中川さんも、コミュニケーションの活性化に加え、従業員の健康意識が高まっていることを「嬉しい誤算」と好意的に捉えている。健康になりたいという思いは誰しももっているものだが、なかなか行動に移すのは難しい。そんなとき、手軽にスムージーを買える環境があることで、最初の一歩を踏み出すための後押しになっていると見ている。
「従業員の健康を気遣ってはいても、なかなか会社から直接働きかけるのは難しいものです。『健康を意識しろ』と命令するのはやりすぎだと思いますし、それでは従業員に響かないでしょう。そういう意味で、スムージーを買える状況をつくってあげるのは、塩梅がいいなと感じています。スムージーを媒介することで、会社の想いをソフトに伝えられていますね」
心を休められる憩いの場となるスペースをつくり、そこに人が集まりやすい仕掛けをする……ネクスウェイが社内コミュニケーションを活性化できたのには、こんな理由があった。
【写真】スポーツジムのインストラクター(写真手前左)を講師に招いて行われた健康セミナー(写真提供:株式会社ネクスウェイ)

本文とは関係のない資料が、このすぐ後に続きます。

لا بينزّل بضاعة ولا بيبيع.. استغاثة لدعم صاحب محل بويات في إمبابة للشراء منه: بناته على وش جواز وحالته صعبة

健康経営の一環として注目されるスムージーデリバリー。従業員満足度の向上や企業ブランディングにも一役買うサービス
ネクスウェイで利用されているスムージーは、キリンビバレッジ株式会社が2017年10月から販売を開始した企業向けの「KIRIN naturals」というサービスだ。
サービスがつくられた背景には、「働き方改革」も「生産性向上」も健康なくしては成り立たないため、従業員の健康管理に目を配る人事・総務担当者、そして経営者の意識の高まりがある。
最近話題になっている、“健康経営”という考え方も浸透してきている。従業員の健康管理を経営課題と考え、会社が積極的にサポートしていくというものだ。
ひとつ、気になるデータがある。朝食の欠食率の高さだ。おもに20〜30代に顕著で、20代の女性では23.1%、男性では37.4%が朝食をとっていないという※。「KIRIN naturals」を導入する企業の担当者もこの点を考慮し、短時間で手軽に摂取できるスムージーを選んでいる。
また、従業員も「KIRIN naturals」のサービスを通じて、健康意識が高まっているという側面がある。直接スムージーを飲むことだけでなく、スムージーデリバリーのサービスと一緒に提供されている健康セミナーの存在が大きい。
キリンビバレッジが、同サービスを通して目指すのは“健康習慣の定着”だ。サービス開発の際、利用者が自身の健康に意識を向けるきっかけを提供することもコンセプトの1つに据えた。スムージーが手軽に買えること、健康への気づきを得られるセミナーがあること……この2つのアプローチにより、健康習慣が根づくきっかけを提供する。これが、健康経営を目指す企業から好評を得ている理由にもなっている。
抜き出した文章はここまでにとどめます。